The problem: Without the pictures, set down every line of the data exactly.

Data:
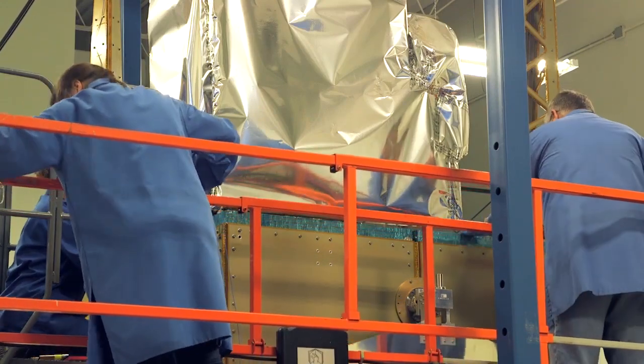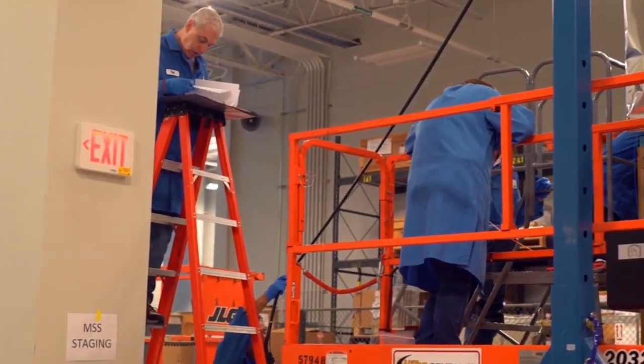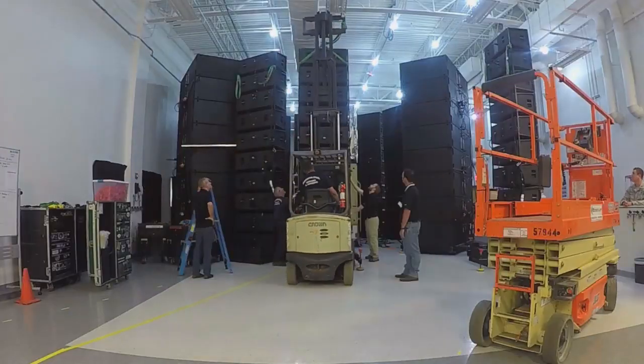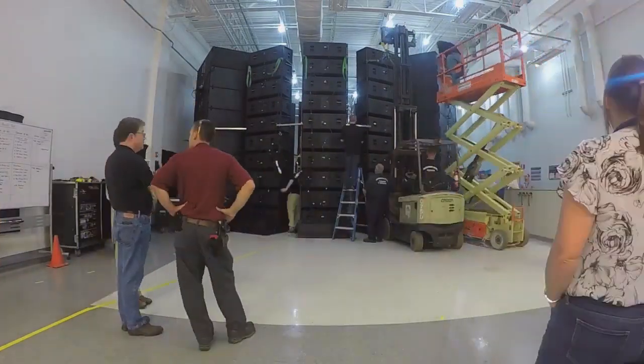The speakers are there to simulate the acoustic environment of a launch inside the actual rocket. The engines will produce a lot of sound and induce vibration onto the spacecraft, and that's what we're trying to test. We're trying to test it at levels higher than it would experience on the rocket, so we're sure that it will survive on launch.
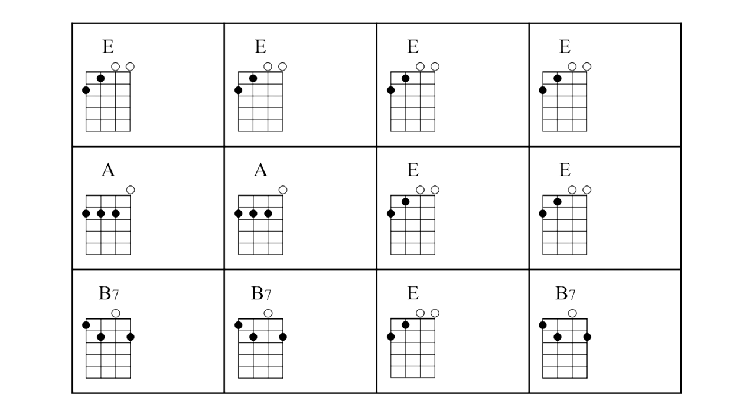One, two, three, four. Here comes the A. Back to E. And maybe a B7 on the end if we're going to go round again. But some blues don't do that and they just stay on the E. So that's our basic pattern for a 12 bar blues, and there are many many blues tunes that follow that structure.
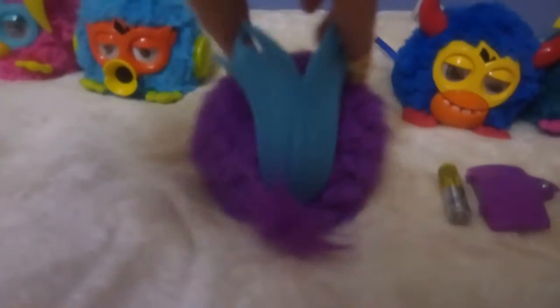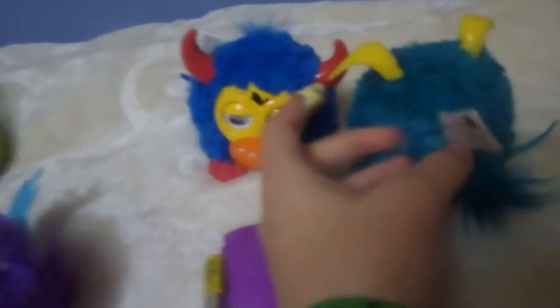This is so easy to move. Here is the tail and I'm gonna turn it on. The tag is cut but it's like in the other Furby, so I'm gonna show you. That's what it looks like. I'm gonna focus the camera.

Completed task:
The speakers are there to simulate the acoustic environment of a launch inside the actual rocket. The engines will produce a lot of sound and induce vibration onto the spacecraft, and that's what we're trying to test. We're trying to test it at levels higher than it would experience on the rocket, so we're sure that it will survive on launch.
One, two, three, four. Here comes the A. Back to E. And maybe a B7 on the end if we're going to go round again. But some blues don't do that and they just stay on the E. So that's our basic pattern for a 12 bar blues, and there are many many blues tunes that follow that structure.
This is so easy to move. Here is the tail and I'm gonna turn it on. The tag is cut but it's like in the other Furby, so I'm gonna show you. That's what it looks like. I'm gonna focus the camera.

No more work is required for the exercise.